The above embodiment has been described with reference to the case where inference processing is performed using an LSTM as an example of an RNN. However, the present embodiment can be applied to recurrent neural networks that perform feedback processing in inference calculation such as deep RNNs, bidirectional RNNs, RCNNs, MDRNNs, bidirectional LSTMs, and GRUs in addition to LSTMs.
The above embodiment has also been described with reference to the case where the first determination unit 130 performs switching from the first operation mode TM1 to the second operation mode TM2 based on whether or not inference processing has been performed for all of a number of (M1) pieces of input data xt associated with the first operation mode TM1 as an example. However, for example, the processing time during which inference processing is performed may be used as a condition for the first determination unit 130 to make a determination on the switching of operation modes. For example, estimates such as the respective processing speeds of the inference processing apparatus 1 in the first and second operation modes TM1 and TM2 can be obtained in advance based on the hardware used, the clock frequency, the bit accuracy of processing calculation, or the like.
Next, a second embodiment of the present invention will be described. In the following description, the same components as those in the first embodiment described above will be denoted by the same reference signs and description thereof will be omitted.
The first embodiment has been described with reference to the case where one matrix calculation unit 140 performs matrix calculations. In contrast, in the second embodiment, an inference calculation unit 14A is provided with a plurality of matrix calculation units 140 to perform matrix calculations in parallel.
For example, K matrix calculation units 140 are provided (where K is an integer of 2 or more and the batch size (Batch) or less, Batch being 2 or more).
For example, when there is one piece of input data xt, the matrix calculation performed by the matrix calculation unit 140 is [xt]×[Wx]. When the number of pieces of input data xt is Batch, the single matrix calculation unit 140 needs to serially process matrix calculations [xt]×[Wx], [xt+1]×[Wx], [xt+2+2]×[Wx], . . . [xt+Batch−1]×[Wx]. That is, when the number of pieces of input data is Batch, the matrix calculation unit 140 repeats the matrix calculation Batch times to complete the entire matrix calculations.

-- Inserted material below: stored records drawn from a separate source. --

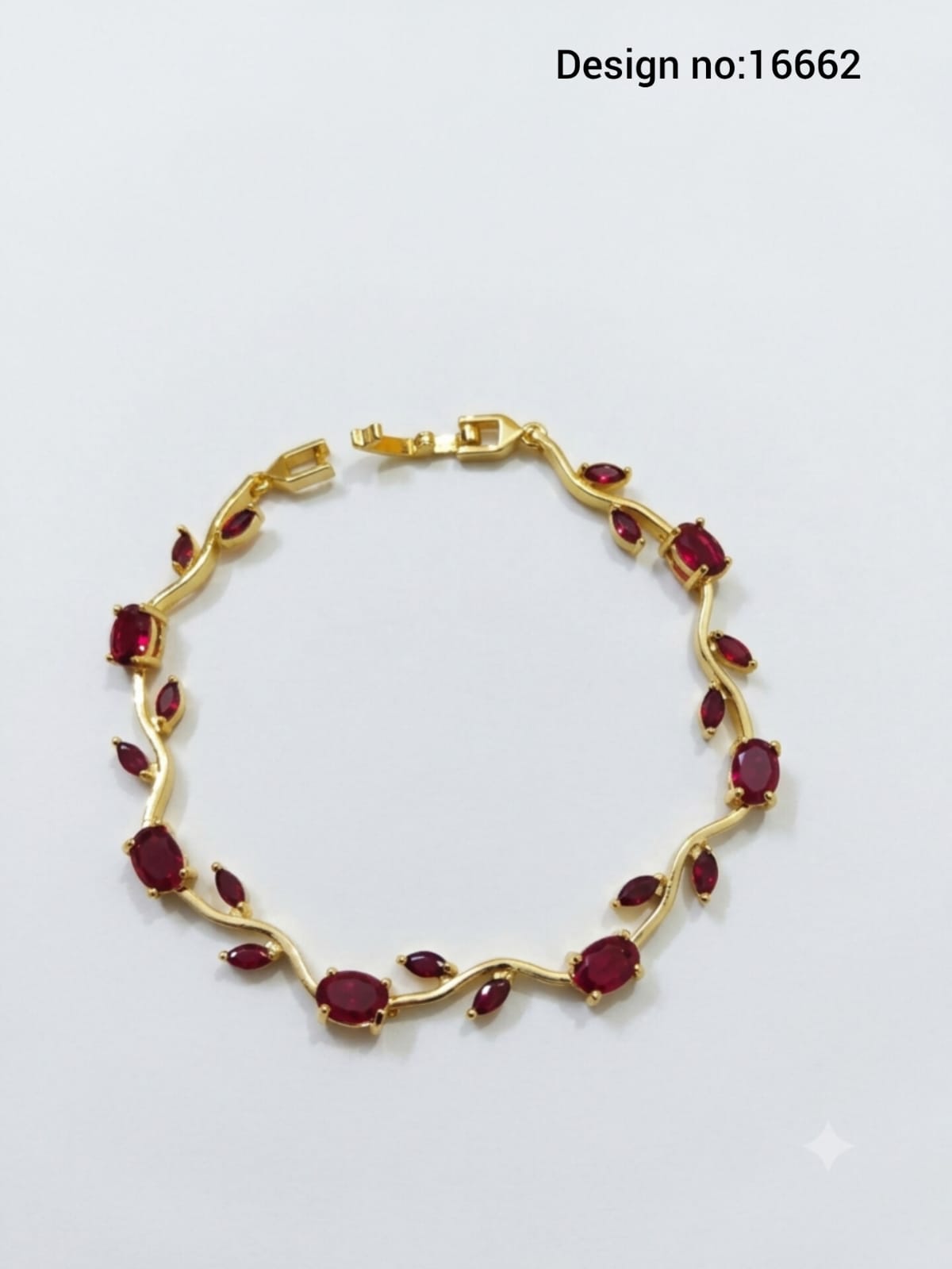 Tulip Bracelet | Design 16662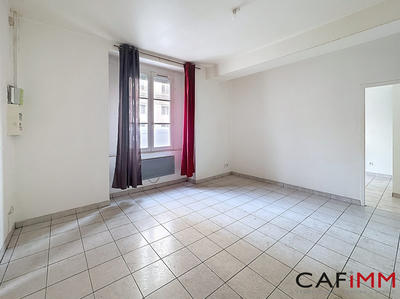 Appartement - 48 m² - 2 pièces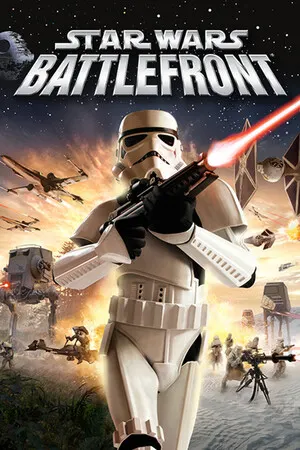 STAR WARS Battlefront (Classic, 2004) Cover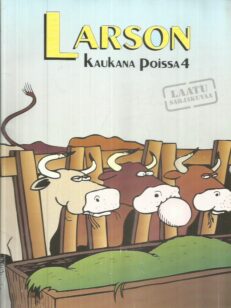 Kaukana poissa 4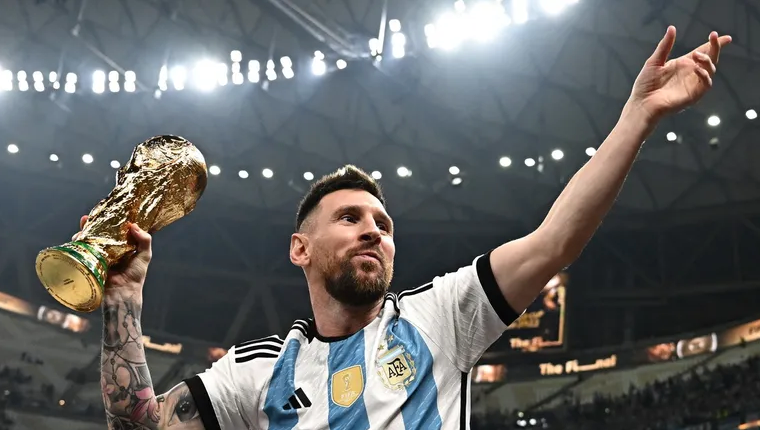 Messijeva objava srušila rekord s najviše lajkova na Instagramu u povijesti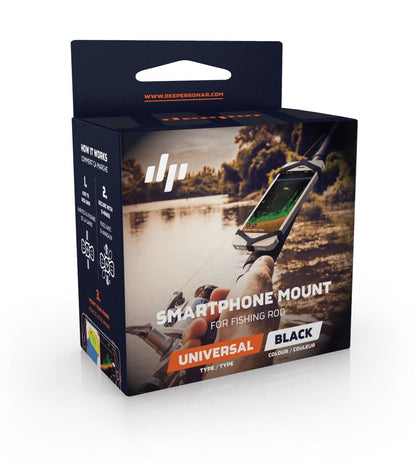 Deeper Smartphone Mount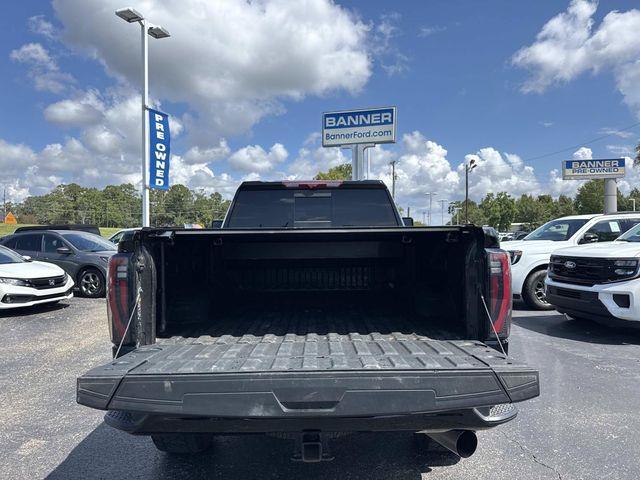 2025 GMC Sierra Hd - $67,507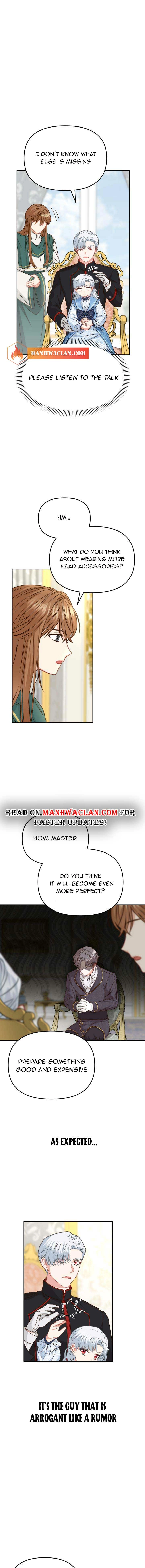 Surviving as the Devil's Child Chapter 20 page 13 - 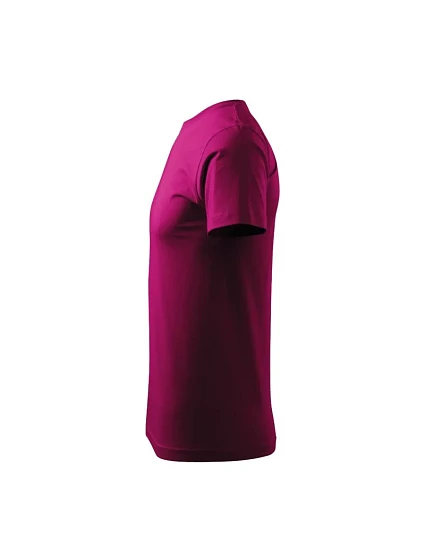 Basic M  červené tričko model 18721312 - Malfini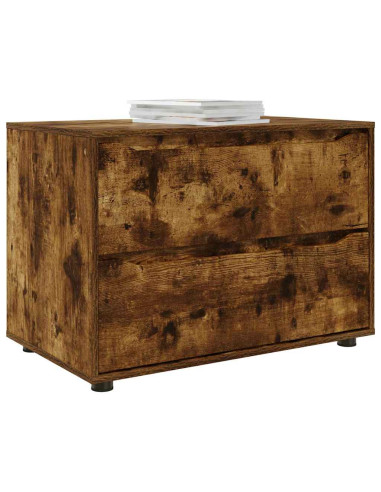 Armadio Rovere fumé 80 x 48 x 57 cm Legno multistrato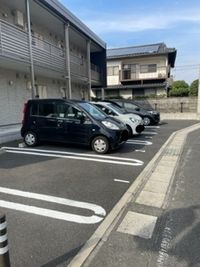 クレイノヴィラオクスガー出雲 駐車場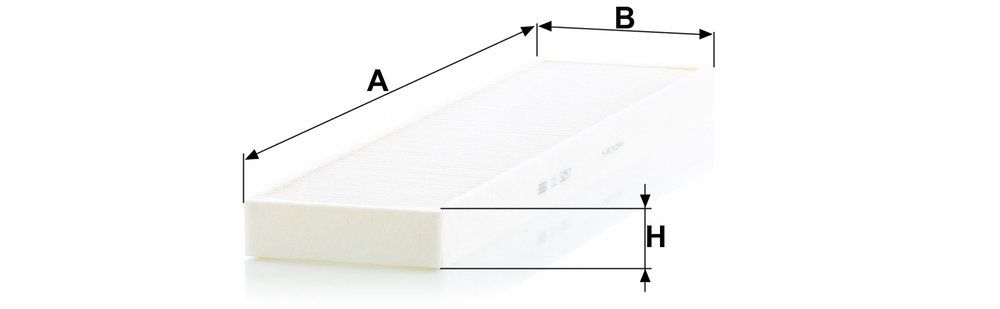 Filter, Innenraumluft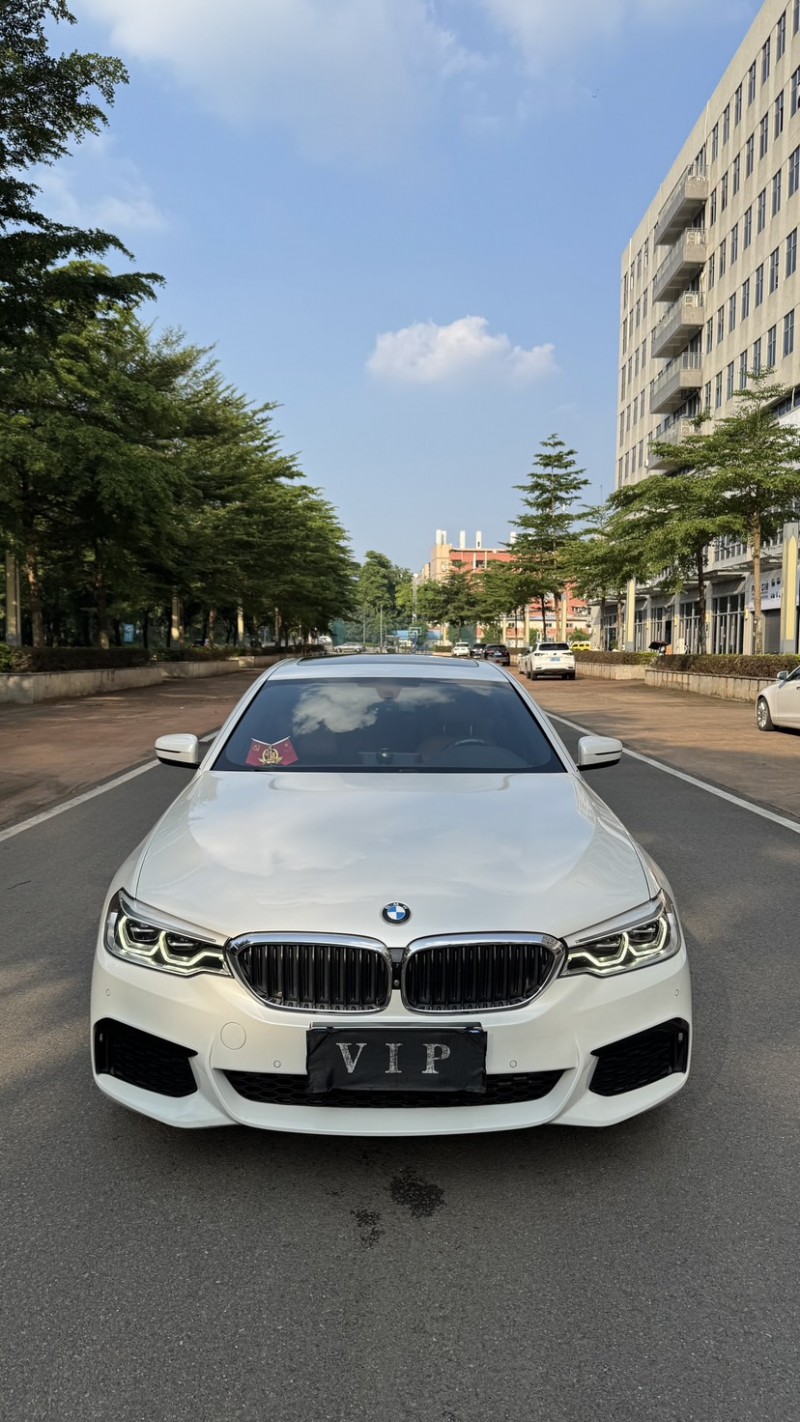 东莞20年宝马5系1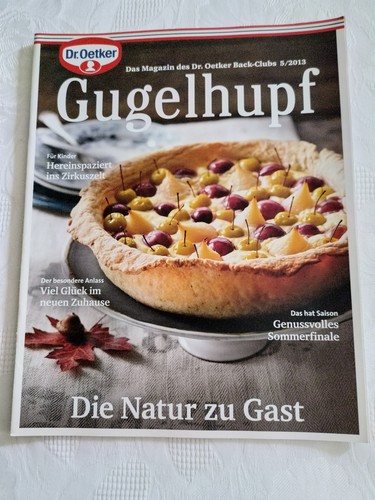 Oetker gugelhupf heft - dr.,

When the switching control unit 13 has performed switching from the first operation mode TM1 in which output feedback is performed to the second operation mode TM2 in which no output feedback is performed, the matrix calculation unit 140 performs matrix calculations of pieces of input data xt+Batch−1 and weight data W for the pieces of input data. In the present embodiment, the K matrix calculation units 140 perform matrix calculations that need to be repeated Batch times in K parallel branches. For example, when K=Batch, matrix calculations for all pieces of input data xt to xt+Batch−1 can be processed at one time.
As illustrated in
According to the second embodiment, the K matrix calculation units 140 are provided to perform batch processing of pieces of input data in parallel in the second operation mode TM2 in which no output feedback is performed as described above, such that repetition of matrix calculations can be reduced and the processing time of matrix calculations can be reduced. As a result, the total processing time of the inference processing apparatus 1 can be reduced.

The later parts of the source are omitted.